紀平梨花は自分に合格点。正念場の来季は4回転ジャンプ習得も目指す (3ページ目)

  • 辛仁夏●文 text by Synn Yinha 能登直●撮影 photo by Noto Sunao(a presto)

 ただ、フリーでのジャンプミスはこの1つだけで、それ以後のエレメンツ(技)のほとんどには1点以上のGOE(出来栄え)加点がつく演技を見せて152.59点をマーク。これはフリートップのザギトワに迫る高得点だった。技術点では82.63点と、ザギトワを抑えてトップの得点を出しており、その潜在能力の高さは本物と言えるだろう。

 演技終了直後、紀平は「まぁ、よかった」とつぶやいた。その理由を尋ねると、「『まぁ』がトリプルアクセル2本目(の失敗)で、『よかった』が(演技)全体という感じです」と笑った。

「トリプルアクセルの感覚がしっかり染み付いていたわけではなかったので、丁寧に慎重になってしまったかもしれないんですけど、(冒頭の大技は)ちゃんと決めることができたし、今回は3+3にしようという気持ちがあって、2本入れたいという思いもあったので、そこには悔いはないし、全体を通していい演技ができたと思います」

 シニアデビューの今季、世界選手権だけが表彰台を逃す総合4位。3位とはわずか0.31点差だった。シニア1年目でこれほどの活躍できたのは、浅田真央以来と言っていいだろう。そんな1年目のシーズンを、紀平はこう振り返った。

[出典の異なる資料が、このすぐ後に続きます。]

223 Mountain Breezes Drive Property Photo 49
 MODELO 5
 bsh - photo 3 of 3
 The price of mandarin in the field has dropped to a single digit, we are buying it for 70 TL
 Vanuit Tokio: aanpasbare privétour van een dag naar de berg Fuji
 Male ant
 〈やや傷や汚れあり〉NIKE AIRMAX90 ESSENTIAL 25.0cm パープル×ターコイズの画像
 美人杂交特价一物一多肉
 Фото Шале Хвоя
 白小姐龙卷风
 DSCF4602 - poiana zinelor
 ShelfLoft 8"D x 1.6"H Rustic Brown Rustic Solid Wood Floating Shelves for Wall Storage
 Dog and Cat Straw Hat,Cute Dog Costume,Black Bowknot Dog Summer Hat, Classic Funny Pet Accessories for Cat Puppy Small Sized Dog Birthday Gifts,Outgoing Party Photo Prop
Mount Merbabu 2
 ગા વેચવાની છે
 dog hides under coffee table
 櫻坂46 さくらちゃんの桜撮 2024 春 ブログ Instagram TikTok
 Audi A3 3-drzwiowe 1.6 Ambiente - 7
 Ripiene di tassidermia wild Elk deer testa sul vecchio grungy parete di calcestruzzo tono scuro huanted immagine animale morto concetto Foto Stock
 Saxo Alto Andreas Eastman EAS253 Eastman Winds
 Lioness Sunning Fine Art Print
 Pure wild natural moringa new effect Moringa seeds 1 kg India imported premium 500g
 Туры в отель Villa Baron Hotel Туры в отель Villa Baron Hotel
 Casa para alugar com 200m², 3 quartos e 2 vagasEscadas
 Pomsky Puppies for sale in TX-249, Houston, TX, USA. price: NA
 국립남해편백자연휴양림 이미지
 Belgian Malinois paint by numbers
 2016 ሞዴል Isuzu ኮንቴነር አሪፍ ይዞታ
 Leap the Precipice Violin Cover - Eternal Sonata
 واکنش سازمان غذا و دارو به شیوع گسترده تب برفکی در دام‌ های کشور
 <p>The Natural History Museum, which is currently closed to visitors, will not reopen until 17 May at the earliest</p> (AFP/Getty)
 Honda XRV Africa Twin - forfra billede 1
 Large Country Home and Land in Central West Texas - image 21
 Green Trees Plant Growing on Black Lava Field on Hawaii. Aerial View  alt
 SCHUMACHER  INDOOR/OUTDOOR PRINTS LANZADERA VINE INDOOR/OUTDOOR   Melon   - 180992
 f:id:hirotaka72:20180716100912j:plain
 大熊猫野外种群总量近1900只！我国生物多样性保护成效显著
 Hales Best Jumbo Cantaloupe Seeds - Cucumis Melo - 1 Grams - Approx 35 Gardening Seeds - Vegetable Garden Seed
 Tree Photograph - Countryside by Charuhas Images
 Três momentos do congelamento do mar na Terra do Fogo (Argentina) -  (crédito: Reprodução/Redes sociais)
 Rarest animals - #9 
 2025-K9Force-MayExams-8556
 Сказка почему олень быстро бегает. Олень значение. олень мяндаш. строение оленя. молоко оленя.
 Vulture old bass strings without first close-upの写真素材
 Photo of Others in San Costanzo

「本当にいいシーズンだったなと思います。でも、まだ目標はもっと高いところなので、もっともっといい成績を出せるように、ここで満足せず、どの試合でも『これはやり切った』と思えるように波のないシーズンを続けて、(2022年北京)オリンピックまでいきたいと思います。あとは絶対にケガをせず、毎日できる限り努力して、ケアをたくさんして体作りをしていきたいと思っています」

 次の五輪までは3シーズンあるが、体の変化が顕著になるシニア2年目の来季は、紀平が世界的トップスケーターとしての地位を確立できるかどうかの、正念場のシーズンになるに違いない。4回転ジャンプ(おそらくはサルコウ)の習得も目指すという彼女がどんな成長を見せるか、楽しみだ。